Subject to regulatory approval, Sun Life may redeem all or any part of the outstanding Series 8R Shares, at Sun Life’s option, by the payment of an amount in cash for each share so redeemed of $25.00, together with all declared and unpaid dividends to the date fixed for redemption, on June 30, 2030 and on June 30 every five years thereafter. Subject to regulatory approval, Sun Life may redeem all or any part of the then outstanding Series 9QR Shares, at Sun Life’s option, by the payment of an amount in cash for each share so redeemed of (i) $25.00, together with all declared and unpaid dividends to the date fixed for redemption in the case of redemptions on June 30, 2030 and on June 30 every five years thereafter, or (ii) $25.50, together with all declared and unpaid dividends to the date fixed for redemption in the case of redemptions on any other date.

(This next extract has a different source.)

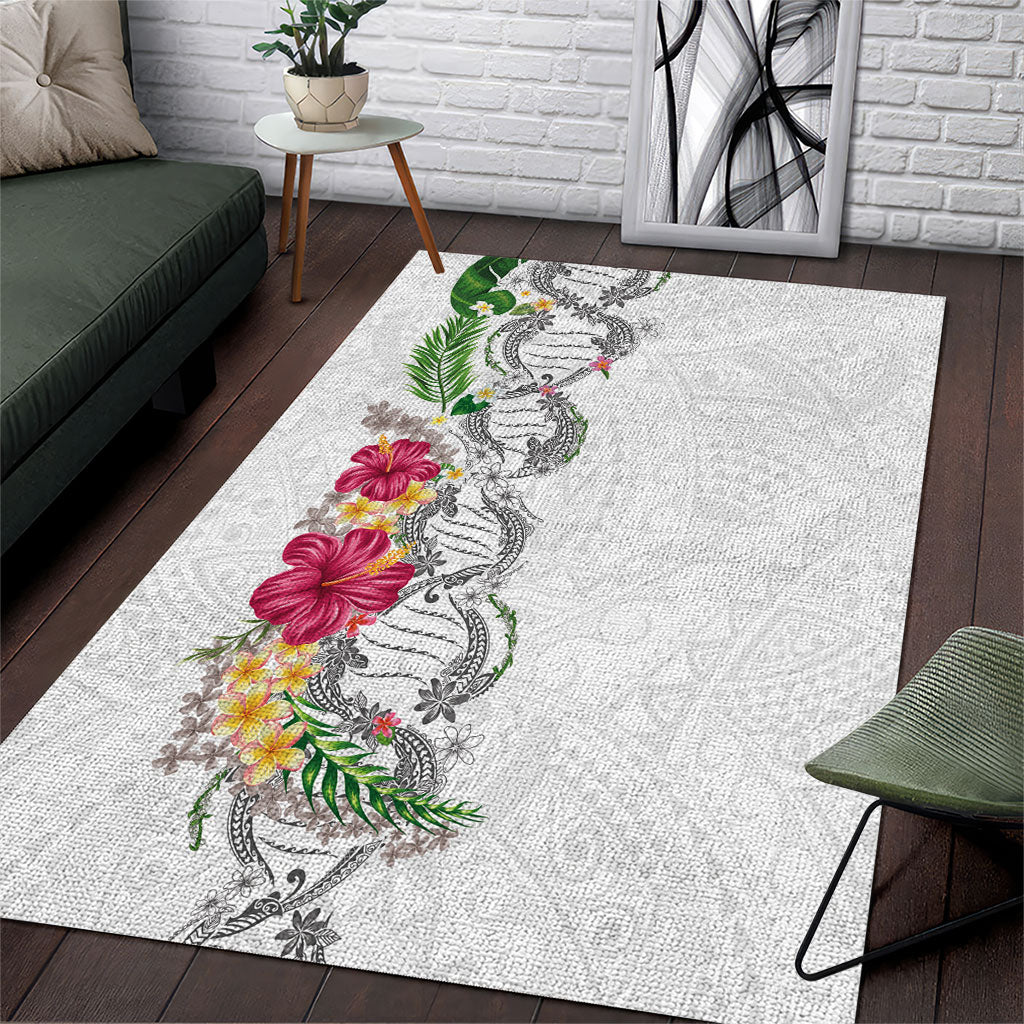 Hawaii DNA Kakau Tattoo Area Rug with Plumeria and Hibiscus Tropical Plants White Color LT03 White - Polynesian Pride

So that’s a 24% net conversion into the FixedReset, SLF.PR.G, leaving the the SLF.PR.G/SLF.PR.J split at 79%/21%.

SLF.PR.G was issued as a FixedReset, 4.35%+141, announced 2010-5-13 and commenced trading 2010-5-25. It reset to 2.275% effective 2015-6-30, which triggered a 50% conversion to the FloatingReset SLF.PR.J. I recommended against conversion. SLF.PR.G reset to 1.825% effective 2020-6-30 and there was a 9% net conversion to SLF.PR.G. The issue is tracked by HIMIPref™ and is assigned to the FixedReset (Discount) subindex.

SLF.PR.J is a FloatingReset, Bills+141, that arose from a 50% conversion from the FixedReset SLF.PR.G. It commenced trading 2015-6-30.